Compressed Sensing and its Applications 2015

Last week, I attended this conference in Berlin, and much like the last CSA conference, it was very nice. This year, most of the talks followed one of three themes:

• Application-driven compressed sensing
• Clustering in graphs or Euclidean space

Examples of application-driven CS include theoretical results for radar-inspired sensing matrices and model-based CS for quantitative MRI. Readers of this blog are probably familiar with the prototypical quadratic problem (phase retrieval), and bilinear problems include blind deconvolution and self-calibration. Recently, I have blogged quite a bit about clustering in Euclidean space (specifically, k-means clustering), but I haven’t written much about clustering in graphs (other than its application to phase retrieval). For the remainder of this entry, I will discuss two of the talks from CSA2015 that covered different aspects of graph clustering.

— Background —

Consider a random graph following the inhomogeneous Erdos–Renyi model $G(n,(p_{ij}))$. Here, vertices $i$ and $j$ share an edge with probability $p_{ij}$, independently of the other edges. For example, in the stochastic block model, the vertices are partitioned into $k$ communities, and then $p_{ij}$ equals either $p$ or $q$ according to whether $i$ and $j$ are members of the same community:

(Figures courtesy of Afonso Bandeira.) Now suppose you receive an instance of this random model, but you are not given the partition into communities (or $p$ or $q$):

The goal of community detection is to estimate the communities from this data. Consider the special case where there are $k=2$ communities, each of size exactly $n/2$. It turns out that if $p$ and $q$ scale like $(\log n)/n$, then exact community recovery is possible, and the phase transition is well understood. (Intuitively, this makes sense since the signal is given in the form of connectivity, and $(\log n)/n$ is the ER threshold for connectivity.) If $p$ and $q$ scale like $1/n$, then exact recovery is impossible, but there’s also a well-understood phase transition for when you can estimate better than random guessing. (Here, $1/n$ matches the ER threshold for a giant component.)

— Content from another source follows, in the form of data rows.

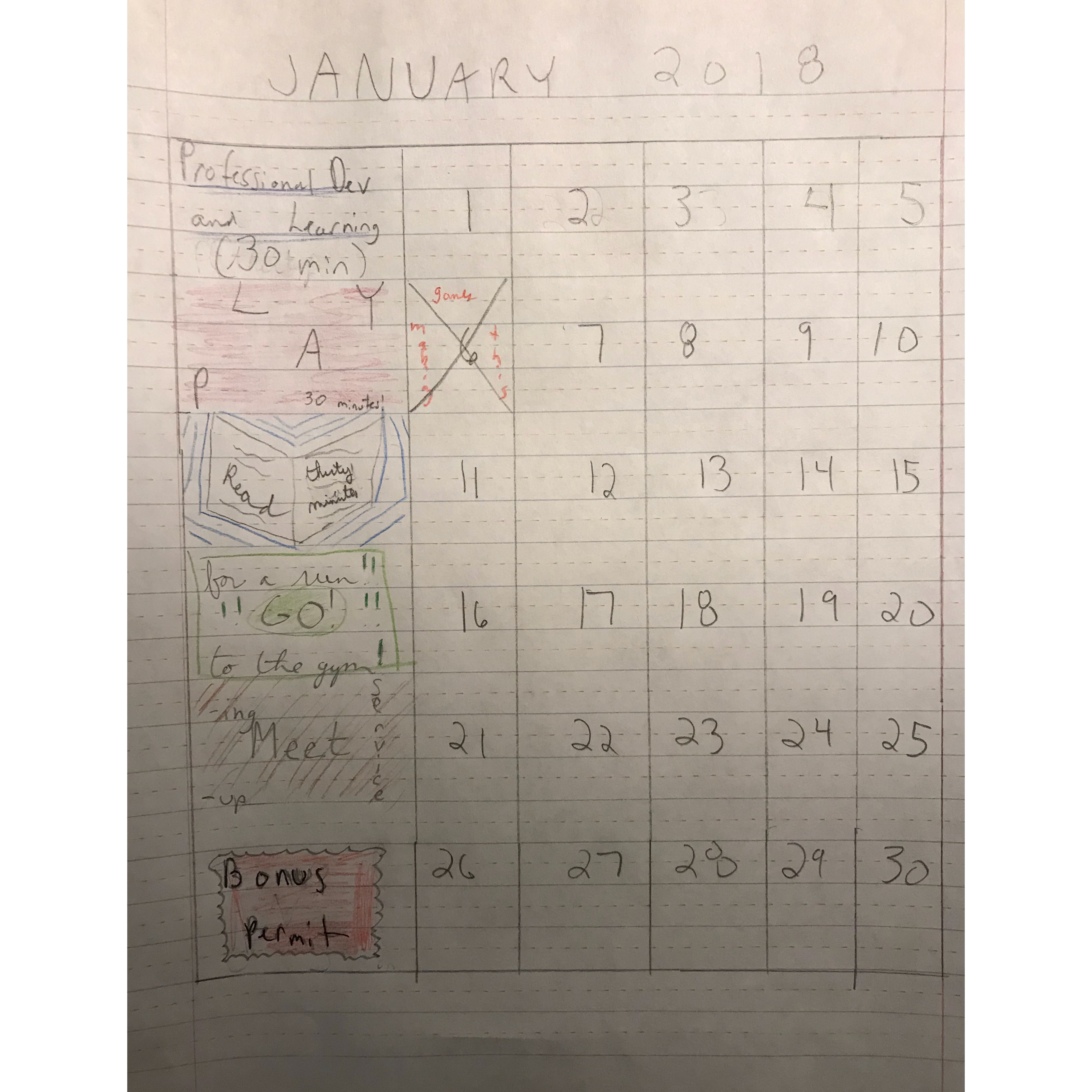 calendar for jan 2018 of the above categories drawn on handwriting paper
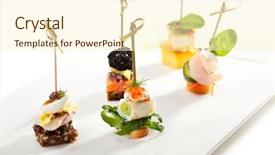  Presentation with seafood - Slide deck having finger food - seafood and vegetables canapes dish background and a cream colored foreground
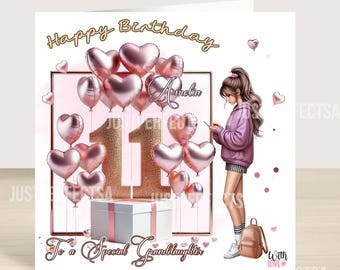 May include: A birthday card with the text "Happy Birthday" and "To a Special Granddaughter". The card features a girl, heart-shaped balloons, the number 11, and a gift box. The name "Amelia" is also on the card.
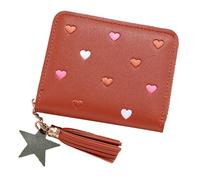 Kelisdi Porte-monnaie compact et mignon pour un transport facile - Porte-cartes - Convient pour les étudiants, les professionnels et les amateurs de voyage - Petit portefeuille pour femme, marron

Given a graph with adjacency matrix $A$, consider the normalized graph Laplacian:

$\mathcal{L}(A)=I-D^{-1/2}AD^{-1/2},$

where $D$ denotes the diagonal matrix whose $(i,i)$th entry is the degree of the $i$th vertex. The eigenvalues of $\mathcal{L}(A)$ lie between 0 and 2, and it’s easy to verify that $D^{1/2}1$ is an eigenvector with eigenvalue $0$. The dimension of the null space equals the number of connected components in the graph, and in fact, the null space is spanned by vectors which are supported on each of the components. Intuitively, the graph is well connected if the second-smallest eigenvalue is large (as exemplified by Ramanujan graphs), and if this eigenvalue is small but the third-smallest is large, then your graph is essentially two well-connected components with a few edges added to connect the two (much like the stochastic ball model with $p$ large and $q$ small). In this case, the second eigenvector is “close” to being in the null space, and so the two well-connected components can be determined by finding a couple of localized vectors that span the span of the first two eigenvectors (in practice, it suffices to take the sign pattern of the second eigenvector). This is called spectral clustering.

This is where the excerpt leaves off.